MIZRAHI SUES CHANEL
Byline: Vicki M. Young / With contributions from Robert Murphy, Paris
NEW YORK — Isaac Mizrahi and his firm, IM Holdings Inc., are embroiled in a $30 million legal dispute against his former partner and financial backer, Chanel Inc. and American Fragrances Inc.
The lawsuit was filed in March in a New York state court in Manhattan. According to court papers, Mizrahi is seeking a declaratory judgment requiring Chanel and American Fragrances, a wholly owned subsidiary of Chanel, to “distribute certain assets of Isaac Mizrahi & Co.” back to Mizrahi, which would include his name and other trademarks that are still held by the partnership.
Even though the partnership business has been shuttered since October 1998, court papers said that Chanel has “unilaterally” continued to maintain the legal and tax-reporting status of the partnership.
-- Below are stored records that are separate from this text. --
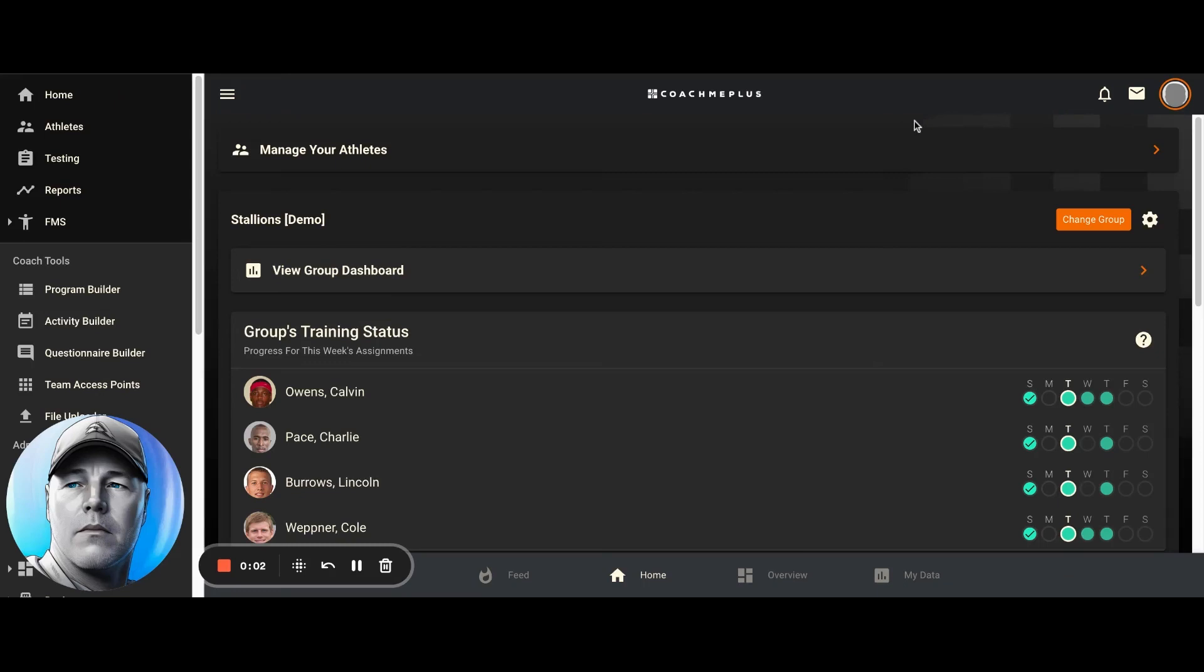Hello, my name is Mike Zudwe with CoachMe Plus Customer Support, and today I want to show you a couple different views for looking at a program inside the program builder. This will be mainly for coaches.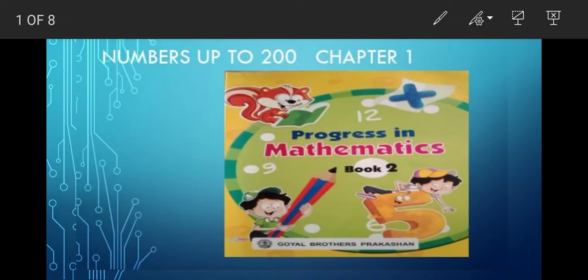Hello children, I welcome all the students of Class 2 to Maths online class. We are going to discuss the same chapter, that is Numbers up to 200, from Chapter 1. In our previous class we have done Exercise 1.1 and completed up to question number 6. So today we are going to do place value.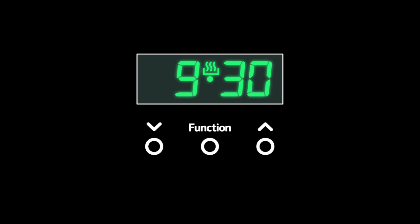Finally, press the function button to set the time. And that's it. The time is now correctly set.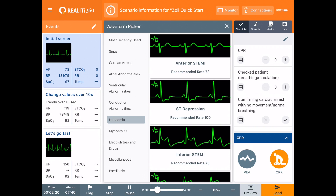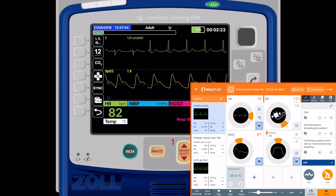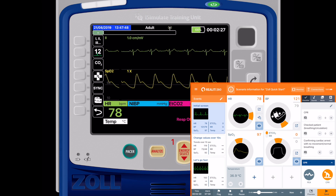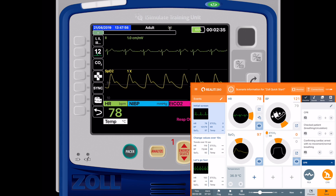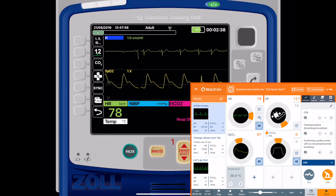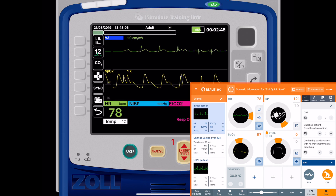Let's just pick the anterior STEMI and tap on send. Now we can see that the ECG changes to a lead 2 on the Zoll X series. On the Zoll X series you can change the lead that you see, so by just tapping on the soft key up here I can go through the leads — there's lead 3, AVR, AVL, and so on. We can go through each of the leads.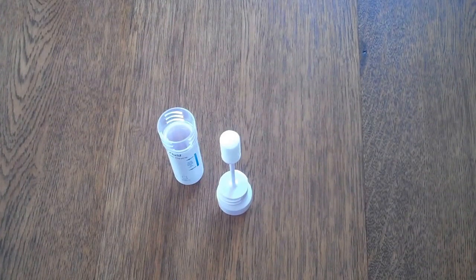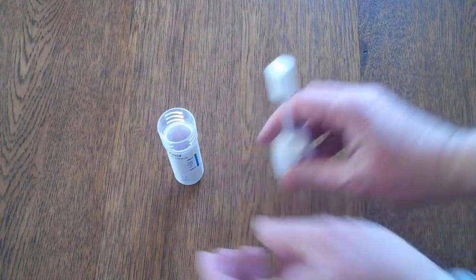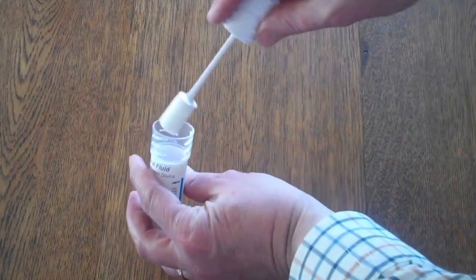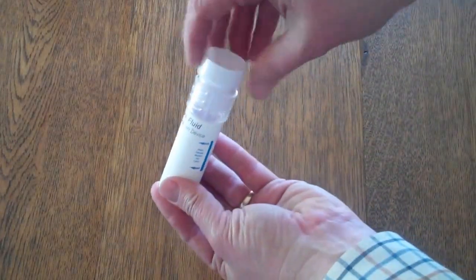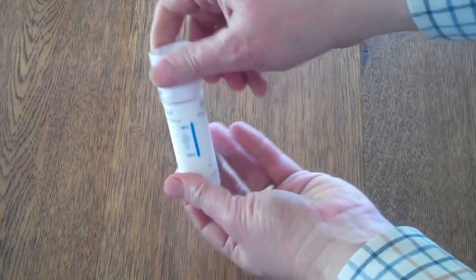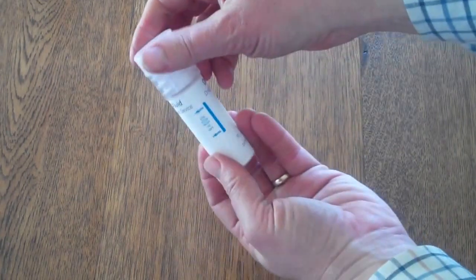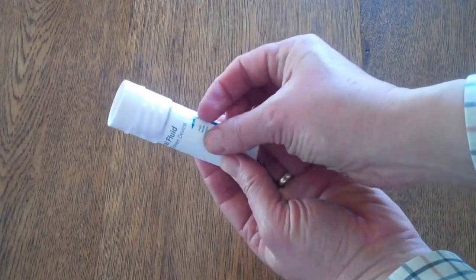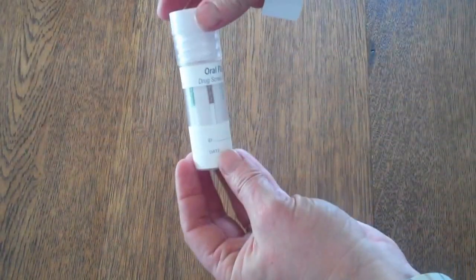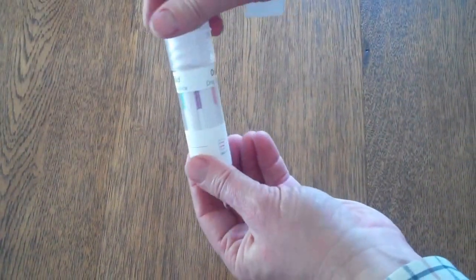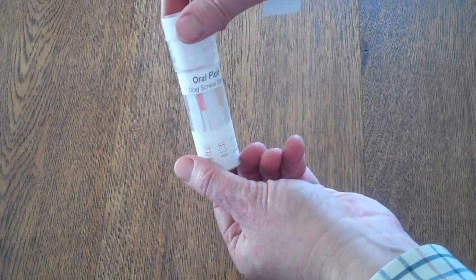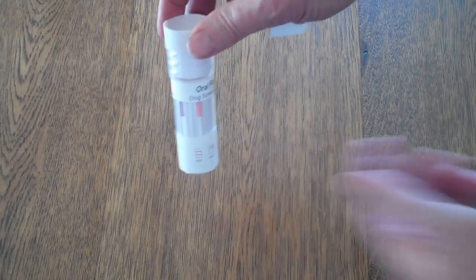So to perform the test now, it's very easy, the two parts of the test are simply combined, tightened and screwed down and then this panel here is removed to reveal the six drug strips that are embedded into that swab.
While details were not spelled out in the court documents, there are still Isaac Mizrahi products in the marketplace, such as a licensed outerwear line with Fairbrooke Enterprises.
Mizrahi, who is now developing a talk show, is additionally alleging three separate damage claims in the amount of $10 million each for breaches of the partnership agreement, fiduciary duty and covenant of good faith and fair dealing. Mizrahi is also seeking an accounting of the partnership. The accounting, the lawsuit said, would clarify whether an alleged $70 million in debt is owed by the partnership to Chanel.
The lawsuit said that the parties entered into a partnership agreement on Dec. 30, 1992, for the creation and launch of a high-end women’s apparel line and a fragrance line. American Fragrances is alleged in the suit to have “consistently and unjustifiably refused to launch” a fragrance line during the partnership’s existence. Court papers also alleged that Chanel disposed of certain assets from the partnership’s offices, but did not provide an accounting of the assets to Mizrahi.
The former designer is also seeking data relating to the disposal of assets or any profit resulting from the disposal of inventories that were pending shipments to such retailers as Bergdorf Goodman, Saks Fifth Avenue, Bloomingdale’s and Barneys.
Chanel said Tuesday in a statement, “We deeply regret that after years of Chanel Inc.’s financial support of Mr. Mizrahi, and years after the business operation was suspended, by mutual agreement, Isaac Mizrahi has decided to file a meritless lawsuit.” The company said it has filed a motion to dismiss the case. Mizrahi is represented by prominent attorney Raoul Felder.
As reported, Mizrahi’s 10-year-old business was dissolved in October 1998. At the time, Chanel, which held a 70 percent stake and had backed the business since 1992, said it was withdrawing its financial backing because Mizrahi’s business volume was not large enough to warrant Chanel’s stake. In December 1997, Mizrahi closed his two-year-old bridge line, Isaac.
Industry sources said Mizrahi’s business generated annual sales of $50 million before the Isaac bridge line was closed, and that Isaac was believed to have accounted for less than half of the business. While Chanel at the time declined to disclose the total amount of its investment in the Mizrahi business, an executive confirmed that Chanel had “lost money” on its overall investment. The business was profitable in the early years of the partnership, the executive said, but had lost money every year since the launch of the bridge line in 1995.